Troubleshooting¶
Restarting a subsystem¶
When a subsystem fails it is possible to restart the underlying software and controllers and reset all devices to a nominal state. This can be accomplished by calling GortDeviceSet.restart
, for example
>>> await g.ags.restart()
03:45:03 [DEBUG] Deleting deployment lvmagcam.
03:45:06 [INFO] Starting deployment from YAML file /home/sdss5/config/kube/actors/lvmagcam.yml.
This restart command is generally safe to use, but there may be simpler and faster troubleshooting that the user can try before resorting it.
Restarting lvmtan¶
The Twice-As-Nice devices (K-mirrors, focusers, fibre selector) may hang up at times. In this case you can try restarting the telescope subsystem with
await g.telescopes.restart()
Or do a more focused restart of the TAN system with
await g.telescopes.restart_lvmtan()
If this does not work you may need to use the GUI. In lvmweb
go to the Motor Controllers secion. There should be eight elements in the interface (three K-mirrors, four focusers, on fibre selector). Each one of them has a small circular “LED” that can be red (not working) or green (connected). Make sure all the devices have green circles. If some of them do now, try restarting the deployment
g.kubernetes.restart_deployment('lvmtan')

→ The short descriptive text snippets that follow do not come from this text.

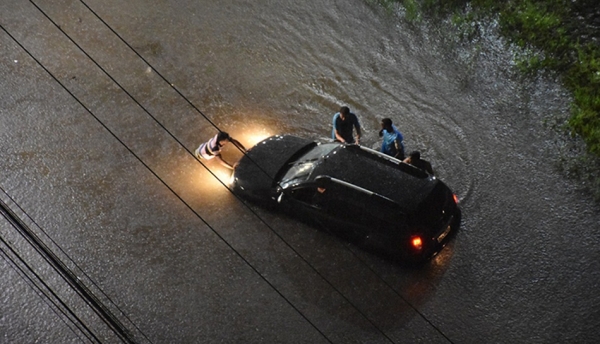 MARANHÃO - VÍDEO! Família fica presa em carro alagado em frente ao Curso Wellington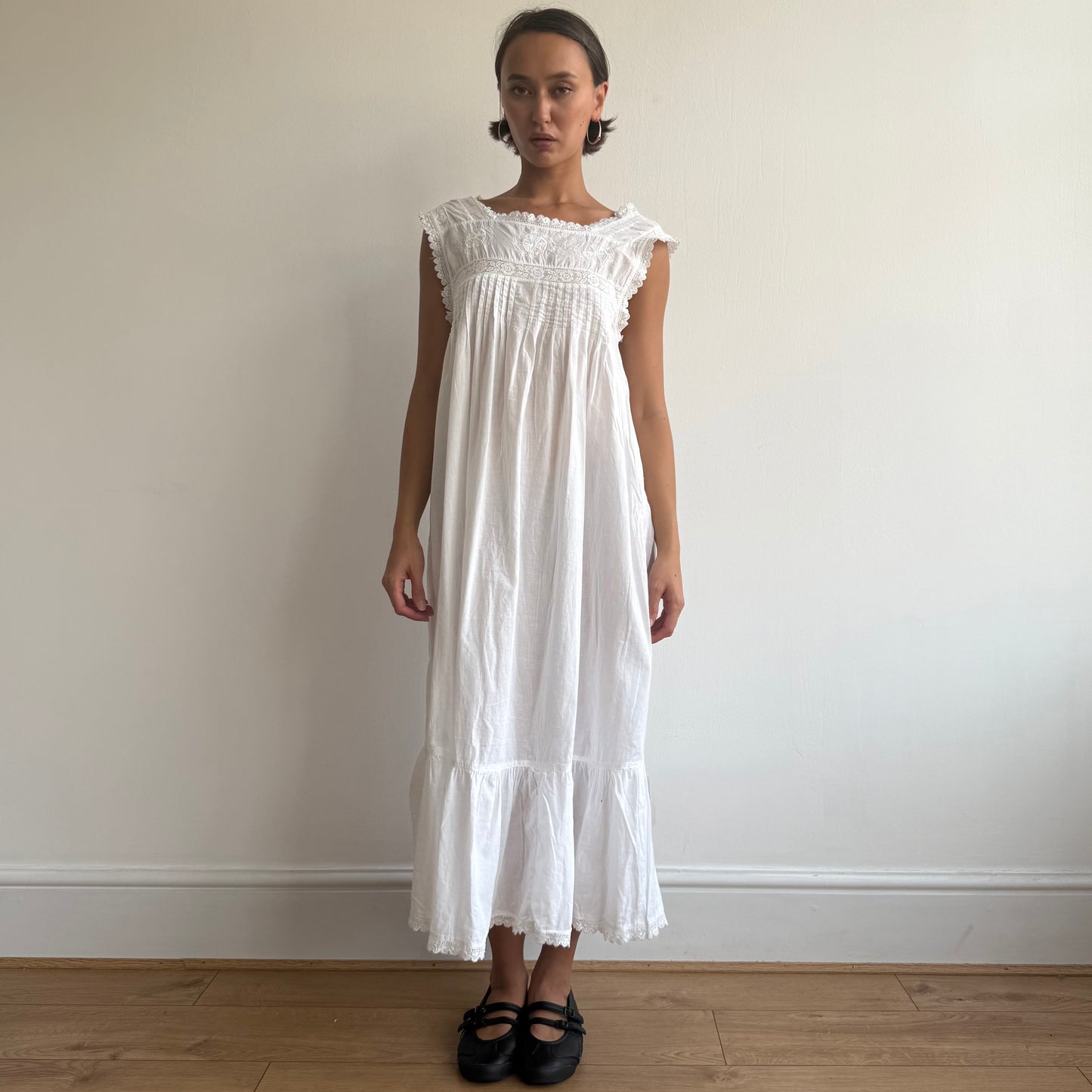 White lace maxi milkmaid dress - Size M/L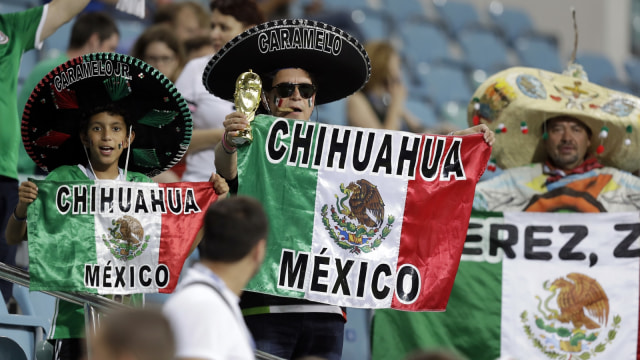 Pendukung sepak bola Meksiko (Foto: AP Photo/Thanassis Stavrakis)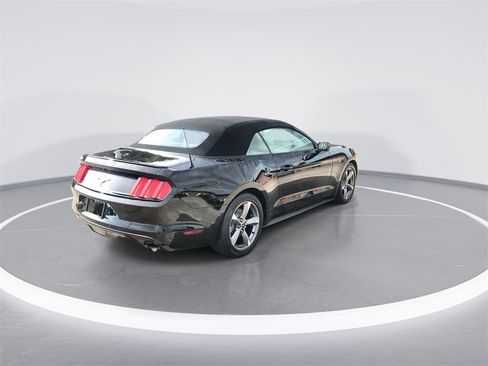 Used 2015 Ford Mustang V6 w/ Equipment Group 051A image 8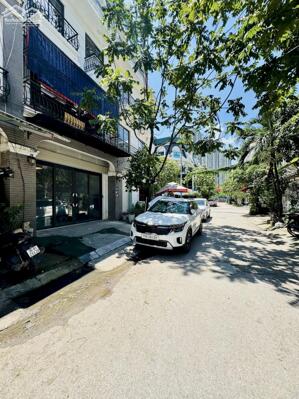 Bán nhà mặt ngõ Phùng Khoang 4 tầng vỉa hè, kinh doanh 20.5 tỷ, phân lô.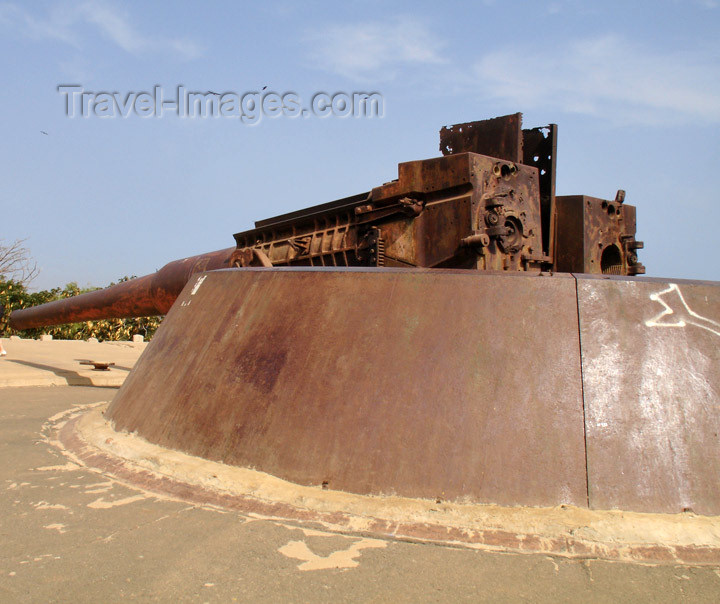 senegal43: Senegal - Gorée Island: fort - rusting WWII naval gun - photo by G.Frysinger - (c) Travel-Images.com - Stock Photography agency - Image Bank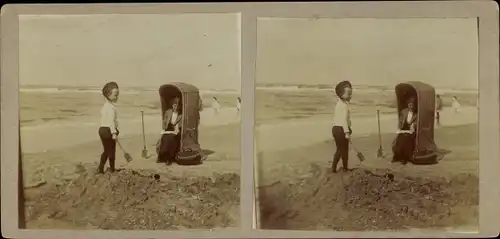 Stereo Foto Zandvoort Nordholland Niederlande, Strandpartie, Junge mit Schaufel, Strandkorb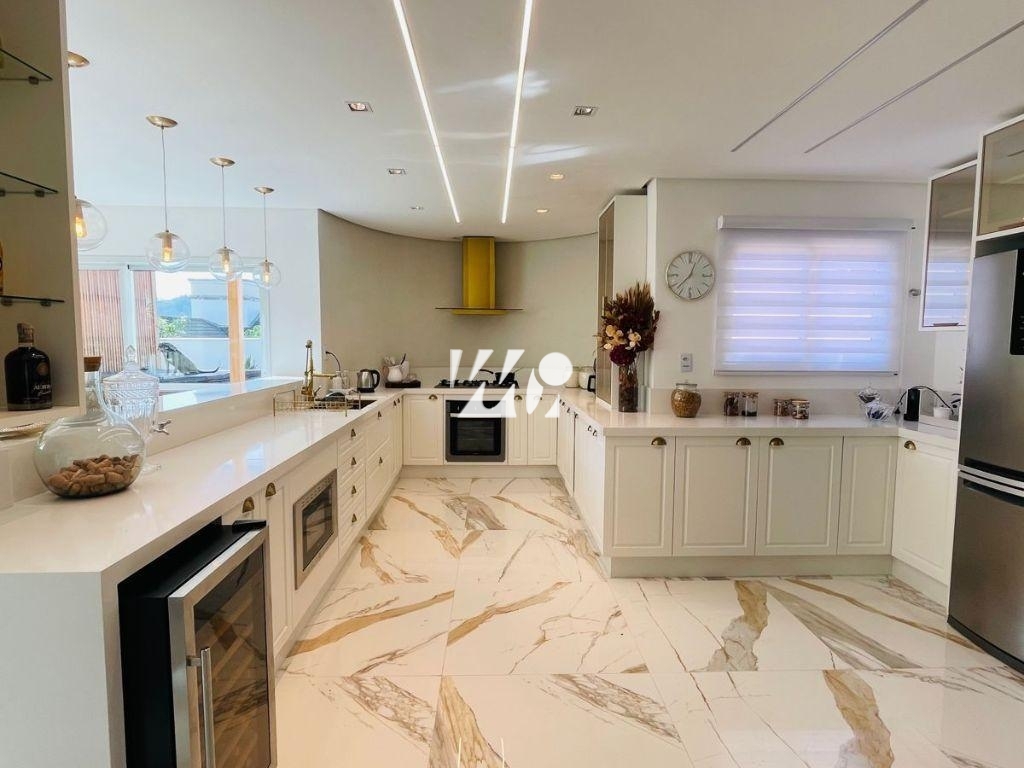 Casa em Pedra Branca, Palhoça. 5 quartos, 310m². Imagem 2 de 14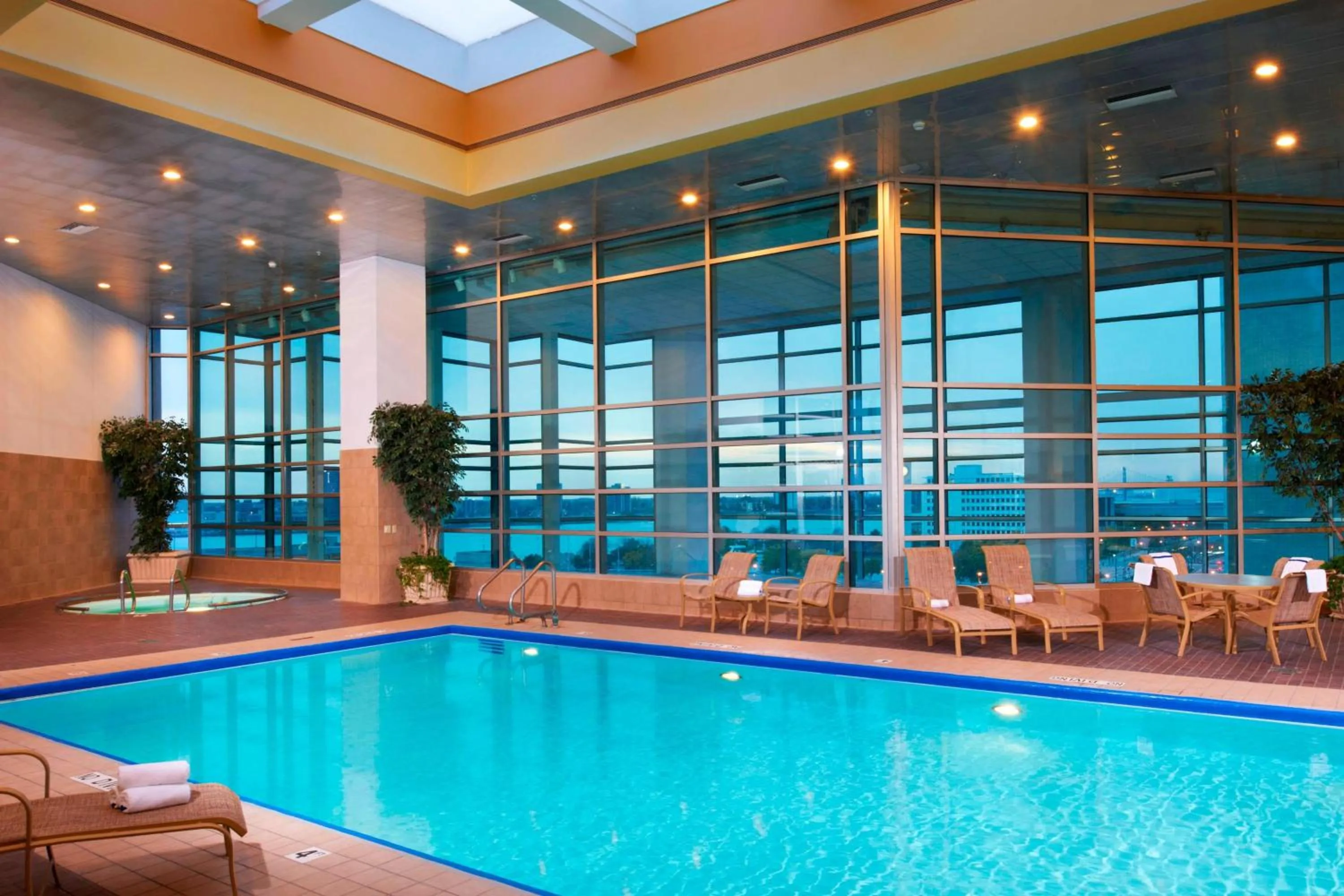 Swimming pool in Courtyard by Marriott Detroit Downtown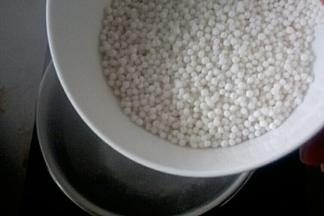 锅中倒入清水开大火烧开后倒入西米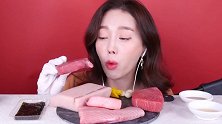小姐姐吃大块的生金枪鱼肉，感觉嚼劲十足，口感超级赞呀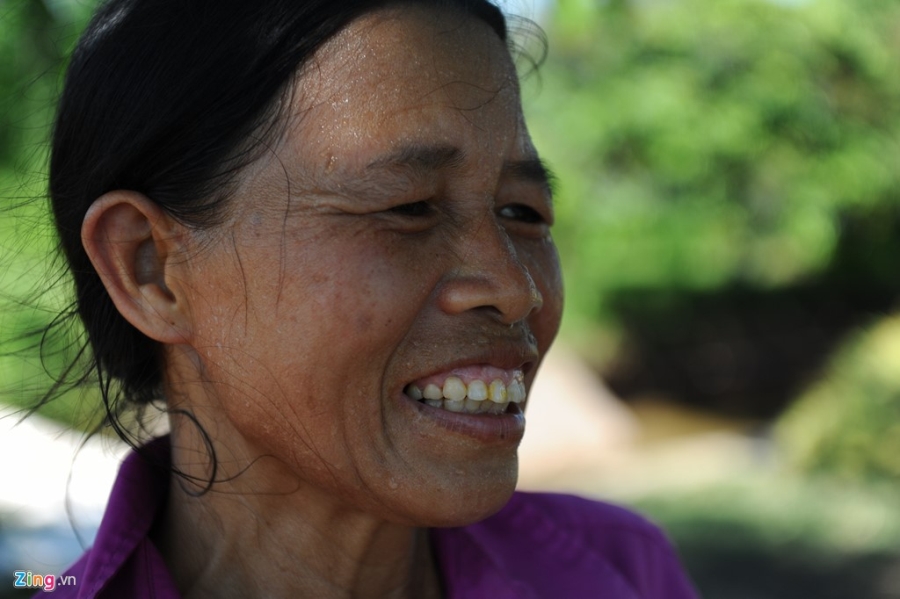 Nong dan phoi minh trong nang nong 39 do C thu hoach lua hinh anh 9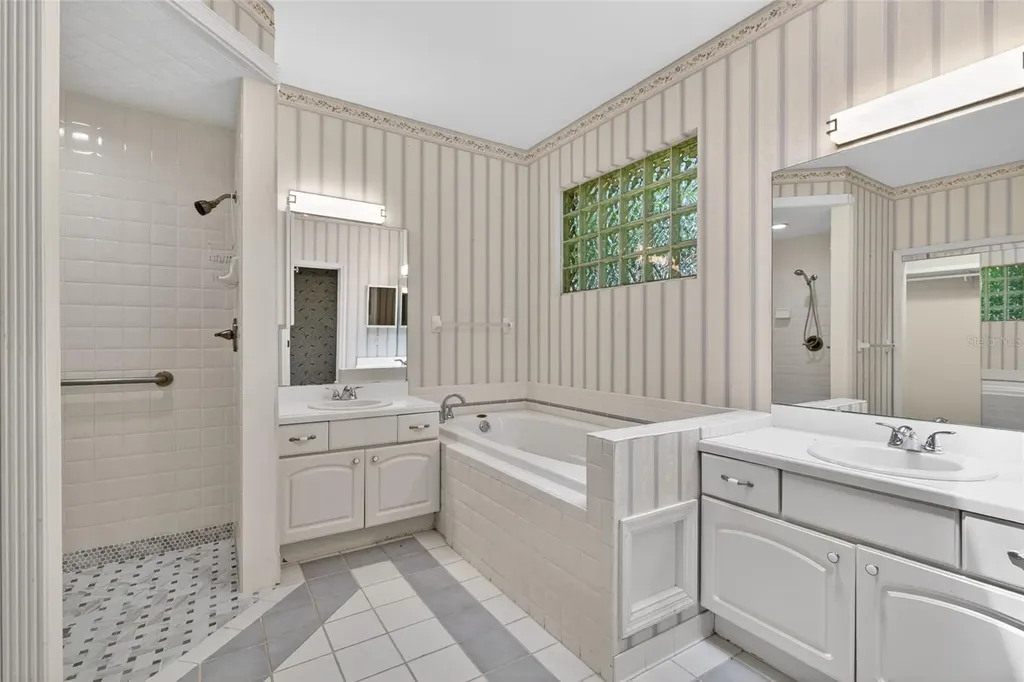 9626 SW 53rd Road Gainesville FL 32608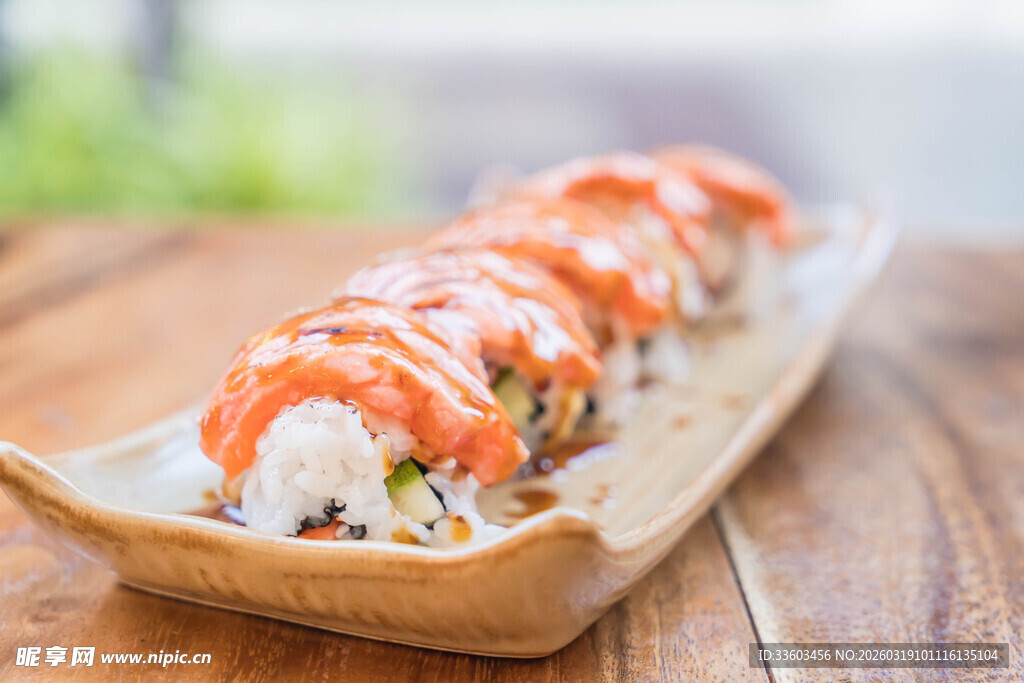 美味寿司卷摆放在木盘上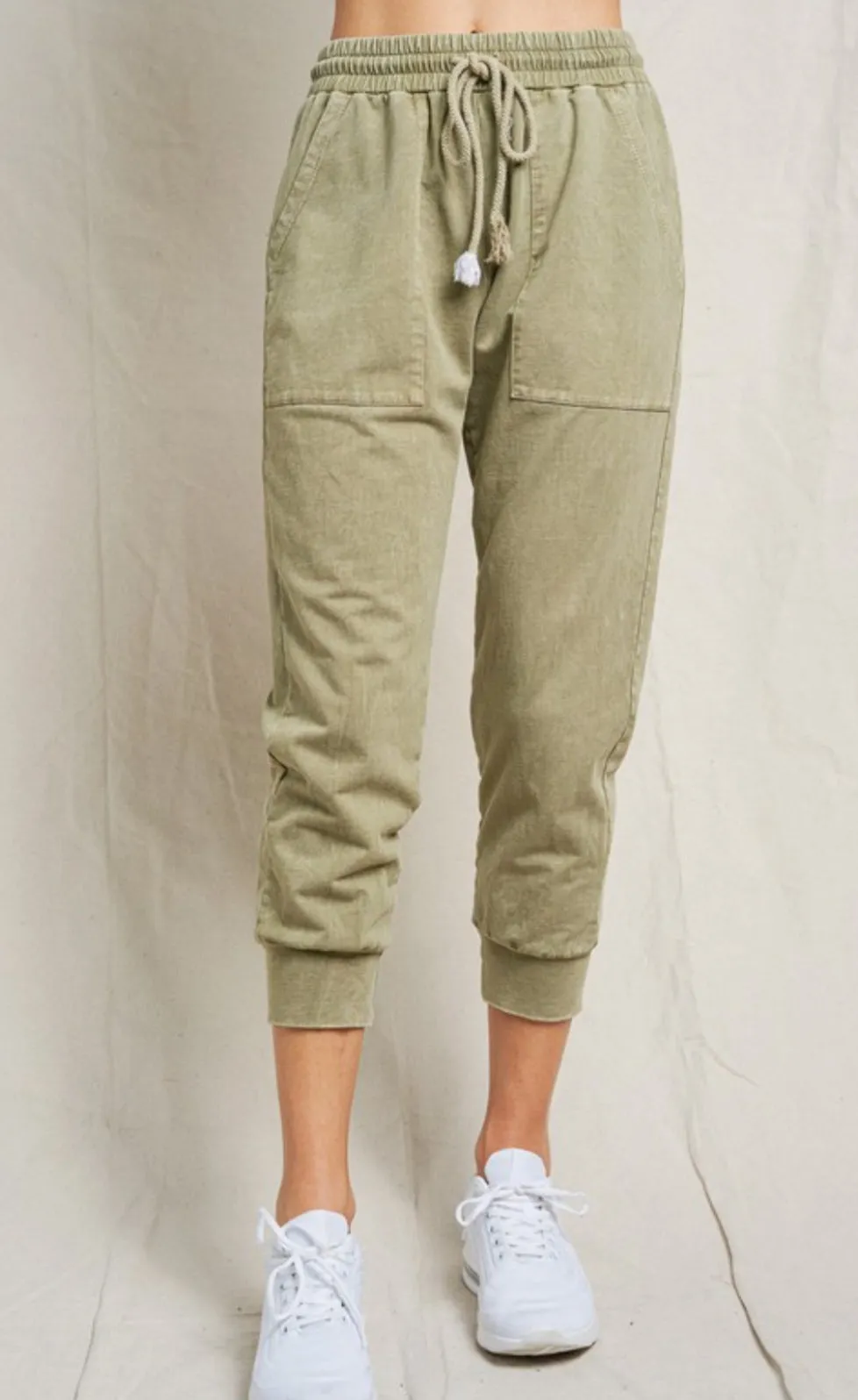 Sarah Crop Cargo Joggers: Olive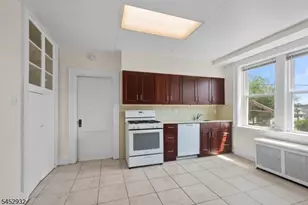 60-62 Elmwood Ave, Montclair, NJ 07042 - Photo 6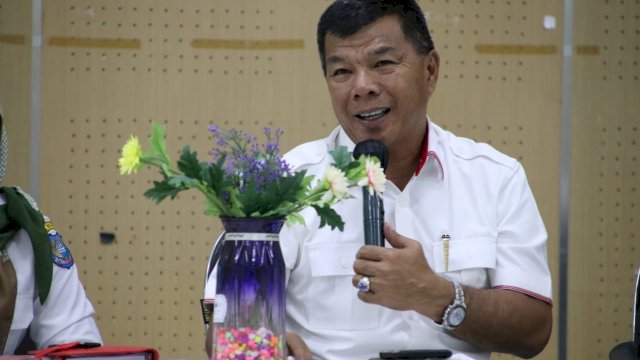 Bupati Andi Utta.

then reload the controllers page and wait until all the LEDs are green. You’ll also see some green checkmarks. If they are red crosses that means that the device is in a bad state. Try stopping and aborting the invalid devices and then home them. When you home them you should see the motor numbers/degrees change and a progress bar. The progress bar and numbers must at some point stop (K-mirrors will home at -135 degrees, fibre selector at 0, focusers at 40).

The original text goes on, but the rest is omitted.